1. Am I entitled to know this year if it is happening for my child?
I would have thought so, but hesitate to say at what point in time. (If there's anything in your child's school record about it, then you could certainly invoke the Data Protection Act.)
2. Is having the child's year 5 exercise books essential (we have them all at home)?
This depends entirely on how the review has been designed. Because it's a non-statutory process, KCC can make up whatever rules it wants.
(In Bucks, they refuse to look at exercise books at review.)
3. If the school does it, and the answer is still a fail, does this make a real appeal by me later in the year harder?
In some admission authorities, if you've had an unsuccessful review, they can argue that you've already been through a process that was 'fair, consistent & objective', and - if the panel agree there is evidence to substantiate this - then the appeal does not go on to consider any other issues.

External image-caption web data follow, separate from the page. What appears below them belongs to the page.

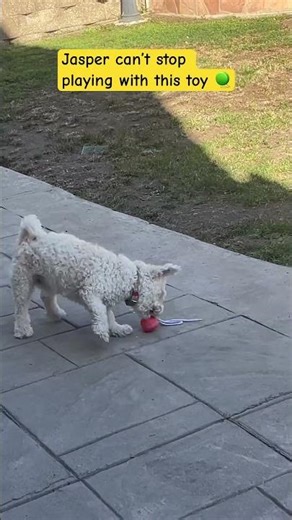 He can’t stop playing with this toy ! #jaspertheduggoo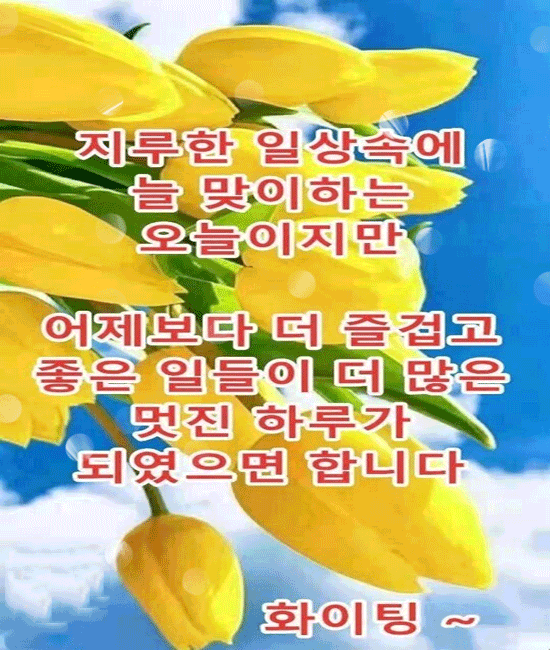 당신은 내 마음의 꽃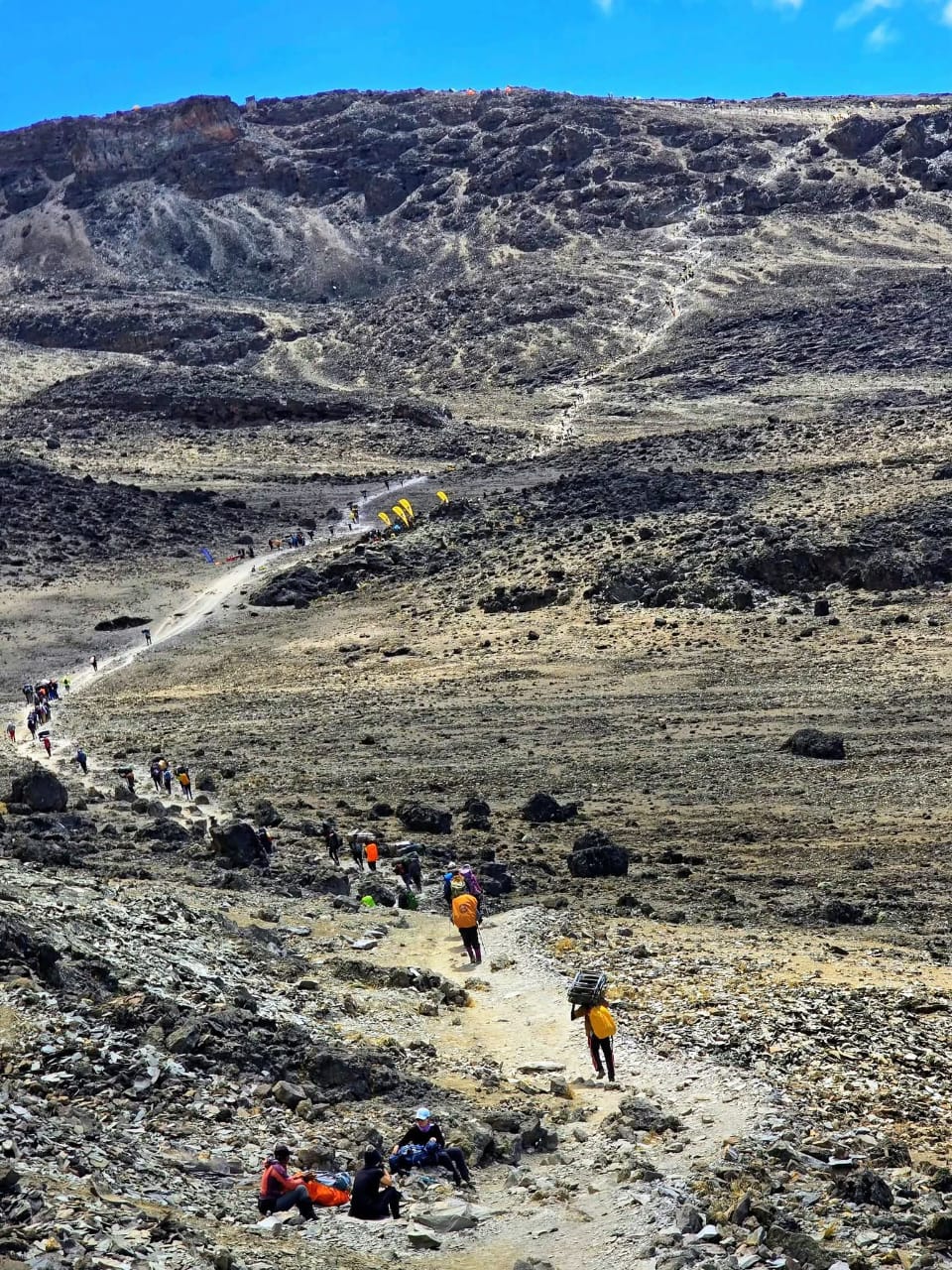 Lemosho Route Experience - View 1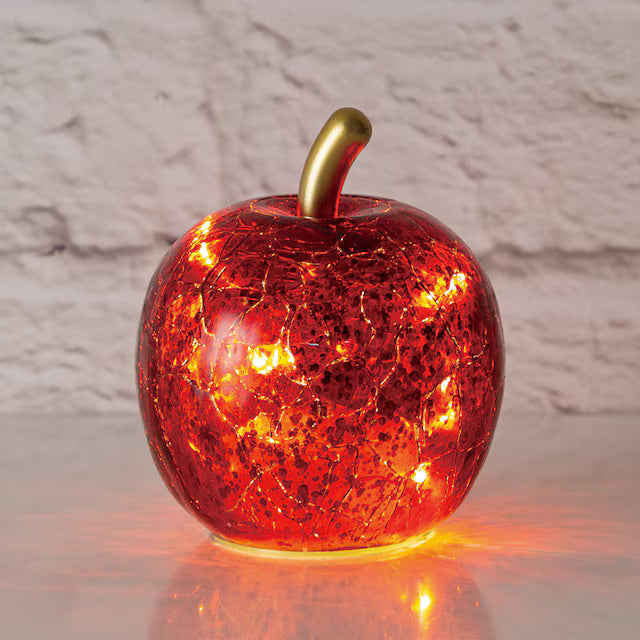 CHRISTMAS LED LIGHT APPLE RED RW-W2107 N4RW
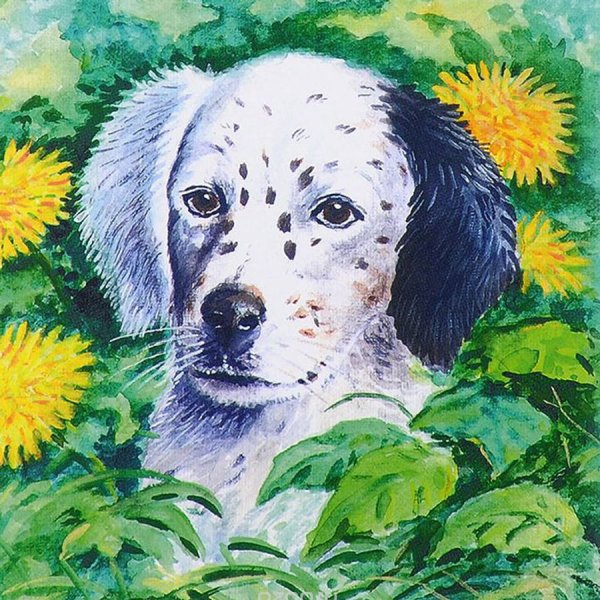 Рисунки белого Бима черное ухо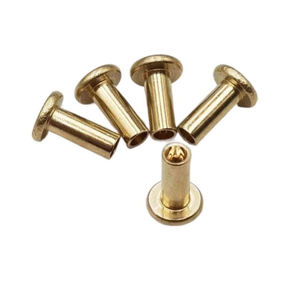 Remaches Semitubulares de Latón de Varias Formas al por Mayor: Remaches Tubulares Huecos de <span class=keywords><strong>Cabeza</strong></span> Redonda y <span class=keywords><strong>Cabeza</strong></span> <span class=keywords><strong>Plana</strong></span> - Product Image 1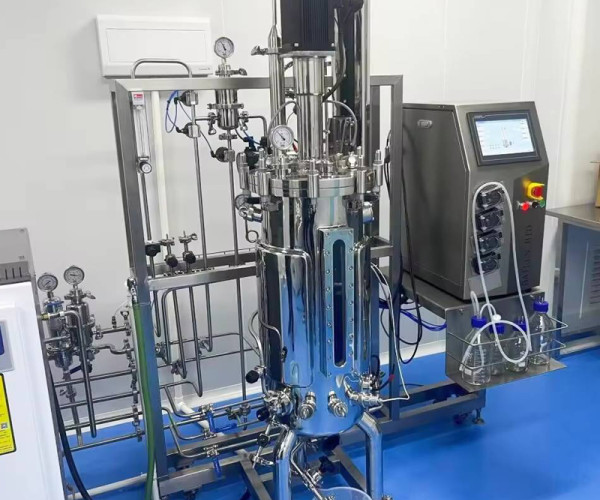 Ingeniería química Biorreactor Equipo de biorreactor de fermentación de acero inoxidable Reactor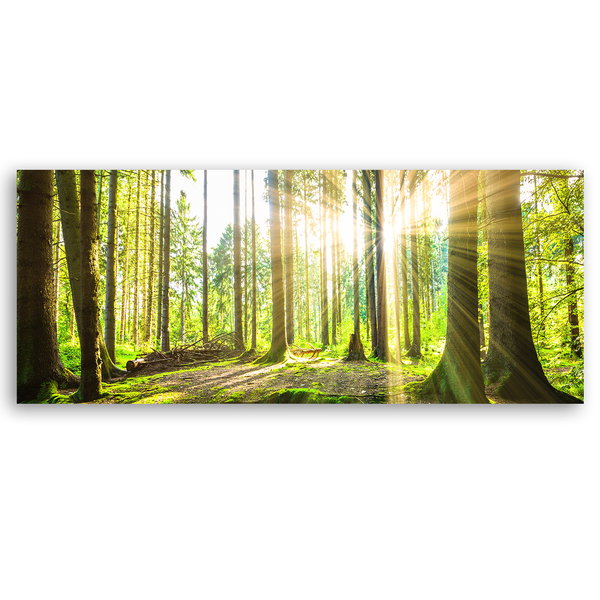Kunstdruck auf Leinwand 'Green Forest Sunlight 3'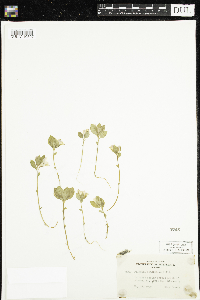 Polygaloides paucifolia image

Fortunately, unless there's been a change, the 'fair, consistent & objective' hurdle is not
used in Kent.
It's not impossible that an individual panel member could note you've already been through an unsuccessful review, and give a bit of weight to it, but I have reservations about this approach because the Appeals Code clearly sets out the procedure to be followed where 'fair, consistent & objective' is not
"3.13 An appeal panel may be asked to consider an appeal where the appellant believes that the child did not perform at their best on the day of the entrance test. In such cases:
a) where a local review process has not been applied, the panel must only uphold the appeal if it is satisfied:
i) that there is evidence to demonstrate that the child is of the required academic standards, for example, school reports giving Year 5/Year 6 SAT results or a letter of support from their current or previous school clearly indicating why the child is considered to be of grammar school
ii) where applicable, that the appellant’s arguments outweigh the admission authority’s case that admission of additional children would cause prejudice."
In so far as one can generalise, my feeling is that most appeal panels would
take a completely fresh look at your case, and judge it strictly on the basis of the arguments and evidence you put forward.